Diese frühe Camera Obscura sollte allein dem Zweck dienen, die Ruhmestaten des Kaisers in lichtbildnerischer Form festzuhalten. Anzunehmen ist weiterhin, dass das Gehäuse, in welchem das Foto entstand, den Flammen zum Opfer fiel, das Blech, auf welchem das Abbild fixiert werden sollte, aber erhalten blieb.

So könnte dieses bei der Sanierung des Grassi-Museums und des angrenzenden Friedhofsareals geborgen worden sein. Nach restauratorischer Aufarbeitung der Platte konnte sie ein verwertbares Bild zeigen. Fotografische Abzüge von einer solchen waren damals und sind es heute: noch nicht möglich. Der Standpunkt der Camera war nahe des Schlagbaumes an der alten Johanniskirche, direkt vor einer damals unversehrt gebliebenen Postmeilensäule. Der wahrscheinlichste Aufnahmezeitpunkt war der 16. Oktober 1813 zwischen 8 Uhr morgens und 18 Uhr Abends.

Noch am 16. Oktober abends glaubte Napoleon die Schlacht gewonnen und ließ die Glocken in sämtlichen Kirchen der Stadt läuten. Doch die Geschichte war noch nicht zu Ende. Napoleon verlor fast sämtliche folgenden Stellungskämpfe um und in Leipzig. Über 100.000 Soldaten auf beiden Seiten verloren ihr Leben und bildeten noch nicht den Endpunkt des Sterbens.
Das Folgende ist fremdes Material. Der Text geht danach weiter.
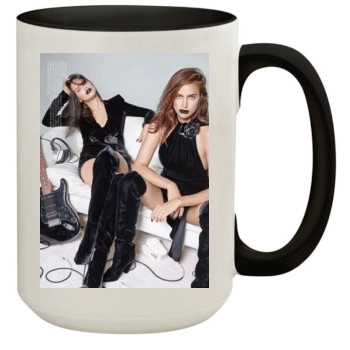 Adriana Lima 15oz Colored Inner & Handle Mug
Nur dieses fiktive Abbild blieb erhalten, ein verschwommenes, menschenleeres, doch unverfälschtes Bild dieser Zeit, als die Fotografie ihren Kinderschuhen entwuchs.

Mit freundlichen Grüßen und der Bitte um Veröffentlichung

Joachim Rausch

Anbei eine 1:2 Fassung der Reproduktion.